Two weeks ago, Christoph Haertwig wrote about how the transition from analogue to digital audio has affected the professional recording industry. This time, I hope to complement those words with the view from the amateur audio world…
When I left school, in the mid-1980s, all I knew was that the only subject I was any good at was English and that I wanted to play bass guitar (although I had never even picked one up). When you’re young, it’s amazing how much you seem to be able to pack into every day and I spent the next couple of years in a blur of self-taught learning. I learned how to play instruments, how to write music and lyrics, how to put bands together, how to cope when they fell apart, dealing with egotistical guitarists and argumentative drummers, vans that regularly broke down 200 miles from home, venues that tried to rip you off and many other things - all the while holding down a day job and not being overly bothered about a little thing called sleep.
This was also the era of Yamaha DX series FM synthesisers, the Roland D series and many other sonic delights. Being in a band always meant being penniless, so much time was spent hanging around music shops, emerging several hours later with a couple of plectrums and a few brochures. But all the time I was soaking up every single, tiny piece of knowledge that I could.
It seems impossible now, but back then the Holy Grail of every aspiring local band was The Demo. Either a four-track Portastudio (or, if you were flash, eight track studio) tape recording, bounced to within an inch of its life and lovingly duplicated to numerous stereo cassettes, which were then physically taken to as many venues as possible to try and get a gig.
It wasn’t many years before the process of writing and recording songs - and the physics and psychology of sound - interested me far more than the prospect of yet another argument with the singer over the mysteriously-vanishing rider (i.e. four cans of Heineken and a couple of packets of crisps).
Still penniless, my first ‘multi-track’ home recording rig comprised a cheap twin-deck cassette recorder, a Y cable, a Yamaha MR10 drum machine and a very battered, secondhand DX27 synth.
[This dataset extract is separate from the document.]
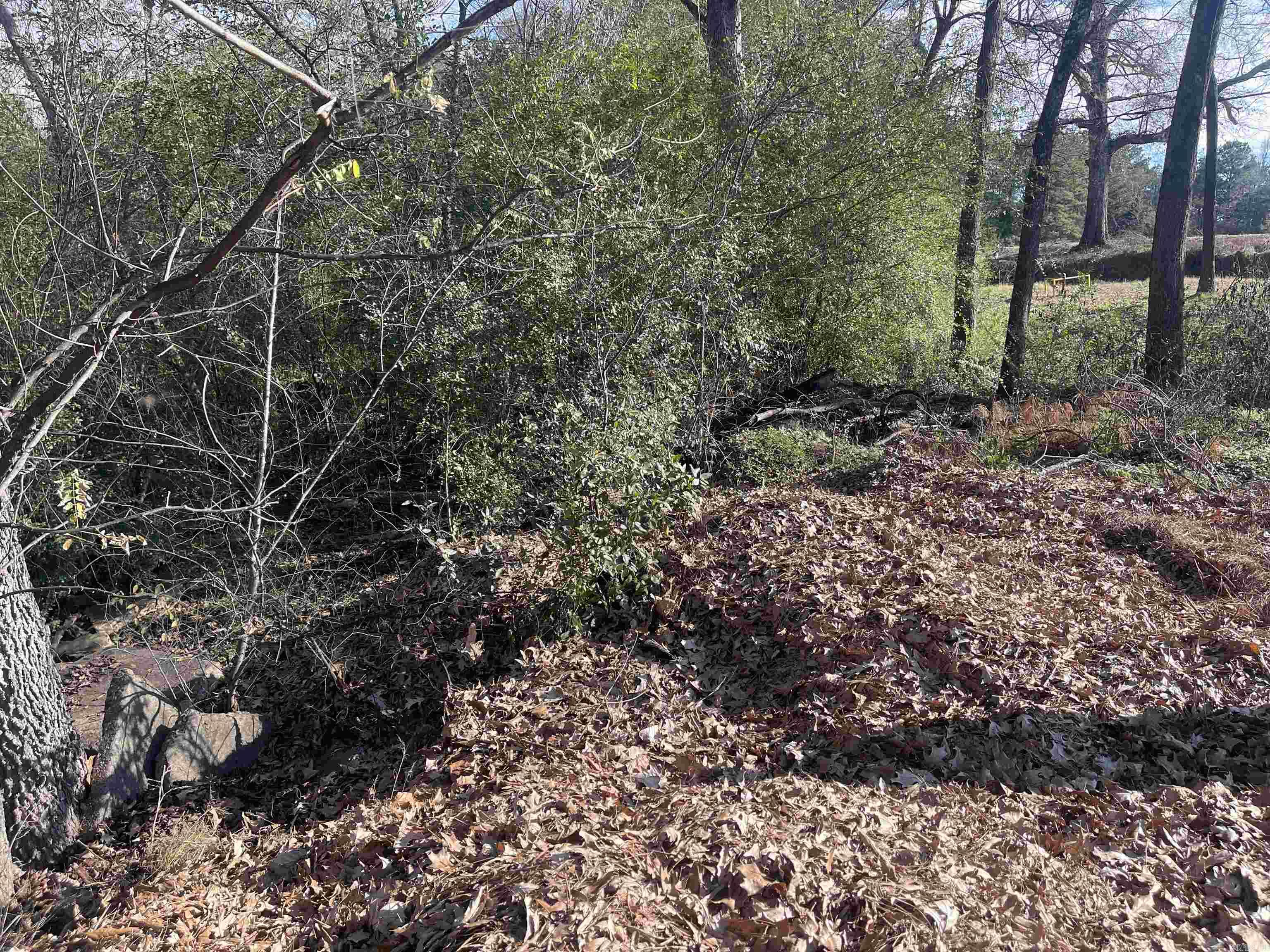 Check out this .33 acre lot in the city-limits of De Queen, AR with highway frontage. City utilities are available but not on site, and this property is currently zoned as residential.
The process was to record bass guitar and drum machine on a cassette… put that cassette in the other (playback) deck and a fresh blank cassette in the recording deck.. overdub the keyboards and backing vocals through the Y cable and 3.5mm line input socket… put that cassette in the playback deck and another fresh cassette in the record deck… then overdub the guitar and lead vocals through the Y cable and 3.5mm socket.
It was incredibly primitive. By the time it was finished, the drum machine and bass had virtually disappeared, but it was fantastically good fun and I cannot stress enough how valuable it was as a learning experience.
(As an aside, one - in some ways rather sad - difference between the analogue and digital worlds of local bands and amateur musicians is that the expression ‘recorded through a sock’ has vanished from the English language).
In due course a Fostex four-track cassette recorder was followed by an early Apple Macintosh with a MIDI interface and a piece of software named Logic 2, by a little-known German company called Emagic. Like Mr Steinberg’s technology, Logic was an early version of what would become known as digital audio workstations - or DAWs - although back then it was almost unrecognisable from what we now know as Apple’s Logic Pro X. Nevertheless, for me MIDI sequencing was a real eye-opener after years of recording everything on cassette!
But much more was to come and, by the time the digital audio revolution got into full swing, I had joined the sound industry professionally. Around the turn of the century I interviewed many live and studio engineers for whom the phrase ‘analogue warmth’ was muttered like some sort of mantra, I witnessed the Yamaha PM1D’s (initially faltering) emergence into the spotlight and watched as outboard racks got progressively smaller and smaller, to the point where nowadays many live engineers have dispensed with them altogether.
The change for the amateur musician/songwriter and enthusiastic home recordist has been no less seismic. What nowadays anyone can do with an iPad and an app was simply unimaginable to my 30 years younger self, as I wrestled with Y cables and reams of audio cassette tape that had been chewed up by the mechanism.
Even the simplest thing - like being able to instantly hum a line of melody or a rhyming couplet into your smartphone the moment they occur, rather than the old way of having to sing them continually to yourself until you could get to a pen and paper and write them down - has been transformed.
Every now and then I still drag some of the old demos out (of course long since transferred to digital!), to remind myself of how incredibly lucky we are now. Indeed, the very word ‘demo’ now sounds somewhat pejorative, given what is now possible.
However, as Christoph noted, none of this is a substitute for good, old fashioned hard work. In the early days of mass computerisation, the expression GIGO - standing for Garbage In, Garbage Out - was in common use. Unlike ‘recorded through a sock’, GIGO is still every bit as relevant today. There is also a more earthy version which begins “You can’t polish a…”
Despite how radically digital audio has changed the world of everyone who engages with or consumes sound, when it comes to writing and production, no amount of processing power lurking within your smartphone, tablet or laptop will ever make a poor idea sound like anything other than… a poor idea. In that regard, nothing at all has changed.